> Activity: Leave out the pictures, and reproduce exactly the lines from the line containing "Adhura Sa Manzar" through the final line of the entries.

=== Begin Enclosure ===

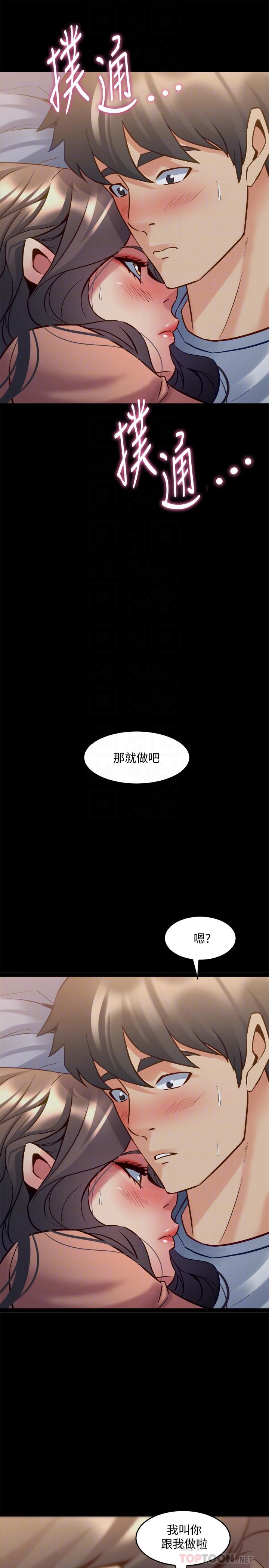 8P - 与前妻同居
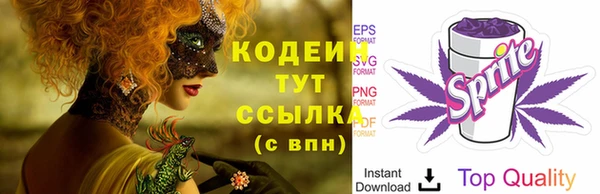 apvp Белоозёрский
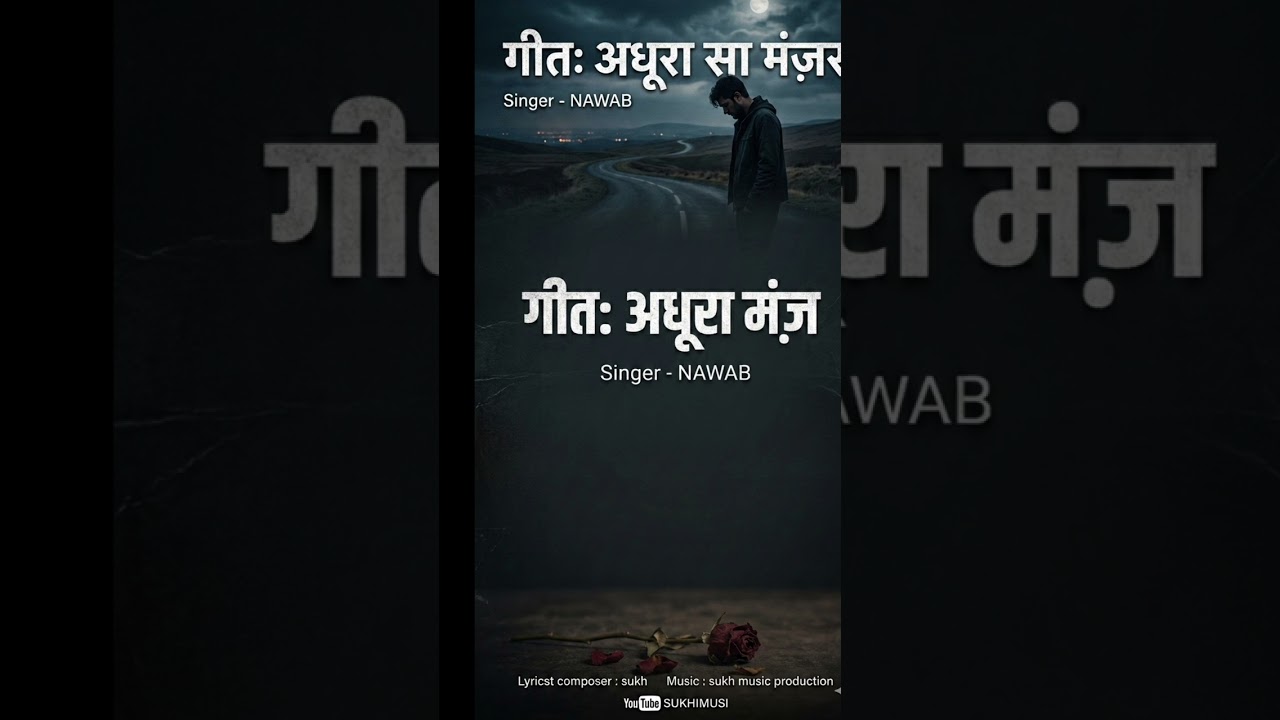 Adhura Sa Manzar  - NAWAB | SUKHI Official Audio | New Sad Song 2026  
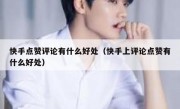 快手点赞评论有什么好处（快手上评论点赞有什么好处）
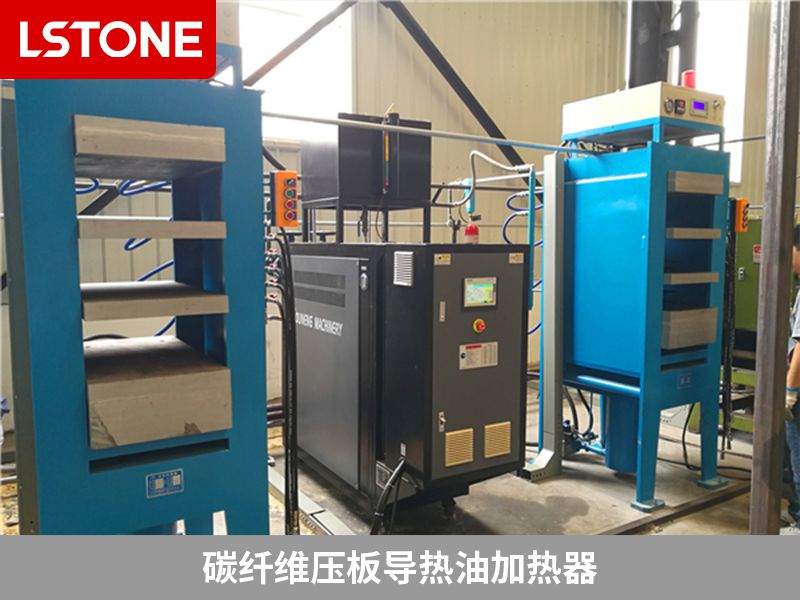 碳纖維壓板導(dǎo)熱油加熱器 碳纖維壓板導(dǎo)熱油加熱器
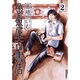 金魚屋古書店<２>(IKKI COMIX) [コミック]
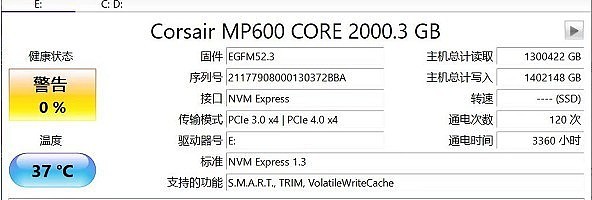 600元买1T容量SSD 矿盘产业链真实暗访大曝光 - 4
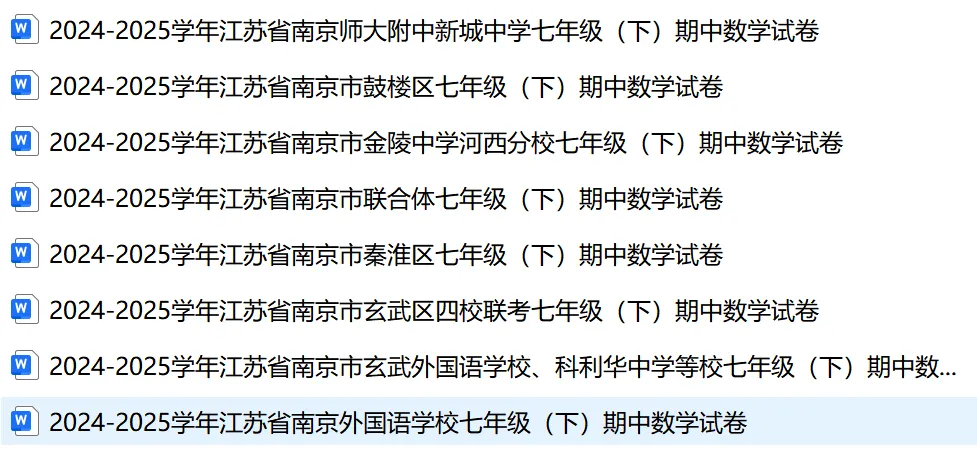 南京初一数学期中复习没头绪?这8份真题分类讲义,我给你整理好了 第1张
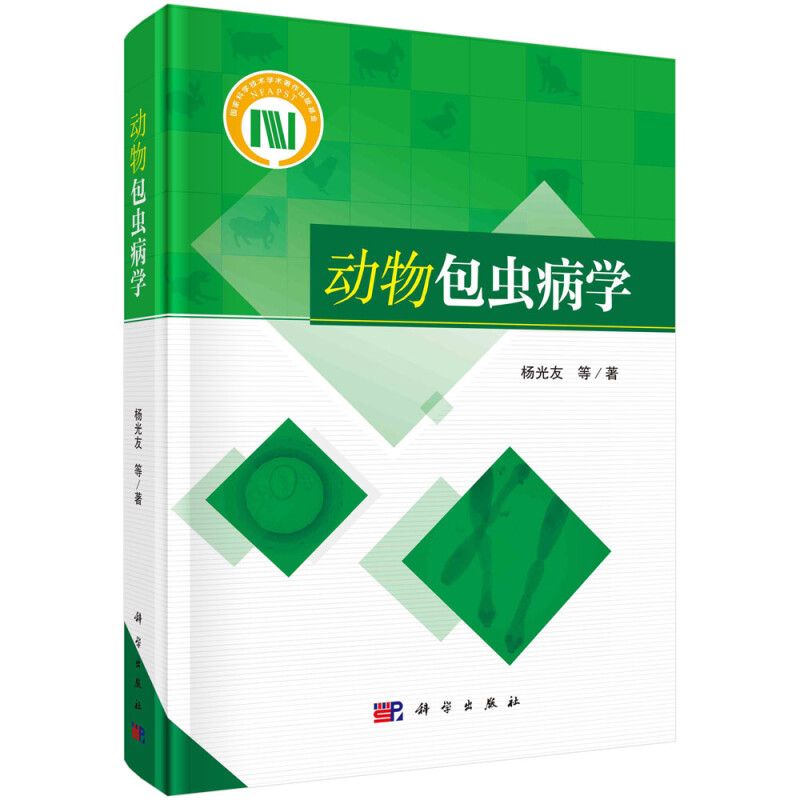 动物包虫病学(精)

=== End Enclosure ===

> Your solution:
 Adhura Sa Manzar  - NAWAB | SUKHI Official Audio | New Sad Song 2026  
 快手点赞评论有什么好处（快手上评论点赞有什么好处）
 碳纖維壓板導(dǎo)熱油加熱器 碳纖維壓板導(dǎo)熱油加熱器
 金魚屋古書店<２>(IKKI COMIX) [コミック]
 600元买1T容量SSD 矿盘产业链真实暗访大曝光 - 4
 南京初一数学期中复习没头绪?这8份真题分类讲义,我给你整理好了 第1张
 动物包虫病学(精)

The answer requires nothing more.